If you are like me, you probably looked at your housing portal no longer than five minutes throughout the entire summer.
“Dorm name? Check. Room number? Check. Roommate? Check.”
That’s it. You had only compiled what was deemed as the “essentials” for move-in day, but you are certainly lacking.
Come move-in day, you and your parents will try driving on to campus with every ounce of your being stacked like Tetris in the back of your jeep. Notice how I said try; there will be many confused families merging in and out existing and non-existing lanes of traffic.
Since you had only looked at the housing assignment to mentally record your dorm name and stalk your roommate online, you missed a few things. It turns out you will mistake where you are living.

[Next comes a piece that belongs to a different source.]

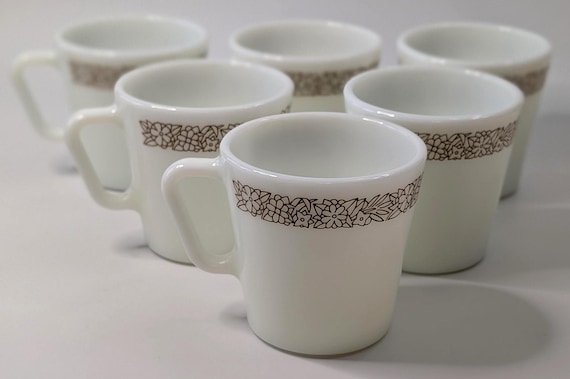 Vintage - Set of 8 Coffee Mugs - Pyrex - Woodland Pattern - 3.5'' High x 3.5'' Wide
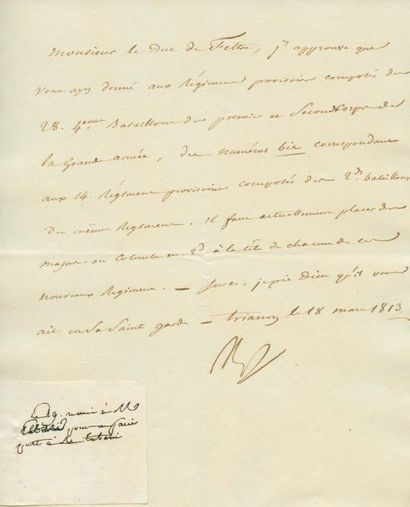 lettres de napoleon 1er Organisation de la Grande Armée. Lettre signée Np., adressée...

You will confidently tell your parents to follow the other color arrow because you think you’re right. Your mother, fatigued by the heat wave that decides to hit San Luis Obispo the moment you move in, will get out of the car and walk over to the information booth.
Five minutes later she will hand your dumb ass the room keys to your dorm.
Fifty minutes later all your belongings will be huddled in the corner of your empty dorm, and you will re-enter the room to find your mom totally silent crying her eyes out. Meanwhile, the first thing on your dad’s agenda will be to nap on the dorm bed, which you of course will supplement with a thick mattress topper — 3 inches to be precise. That’s a lot of height to fling yourself on to.
“It’s okay if you change your mind and want to just come live at home with me,” your mom says.
You will laugh and keep hanging up posters.
Hours go by, and the small cube of a room will gain some character. Travis Scott’s “Astroworld” plays quietly in the background, and your parents will roll their eyes to “this trash rap music.” You can’t wait to tell your kids, “Wow, when I started college, it was right when the Astroworld album came out.”
The sun set and dinner reservations will be made. Novo Lounge, Flourhouse, or really any fancy dinner downtown — you name it, your parents probably made the reservation.
You will venture warm and well-lit downtown San Luis Obispo and be greeted by an unruly amount of people who look just like you. By this, I mean entire families wearing Cal Poly t-shirts, mothers holding their kid’s arm super tightly and not letting go, and fathers walking a bit off to the side trying to hold their composures.
After a wonderful night sitting outside under the stars, you will thank your parents for dinner and good company. The tears from earlier will be dried, and you see your parents cherishing every last moment at the dinner table. Naturally, right when they drop you back at the dorms, you will walk to a frat party.
Whether it be your first frat party, first night sleeping in your foreign plot of dorm-land, or first night bonding with floormates, Cal Poly welcomes you.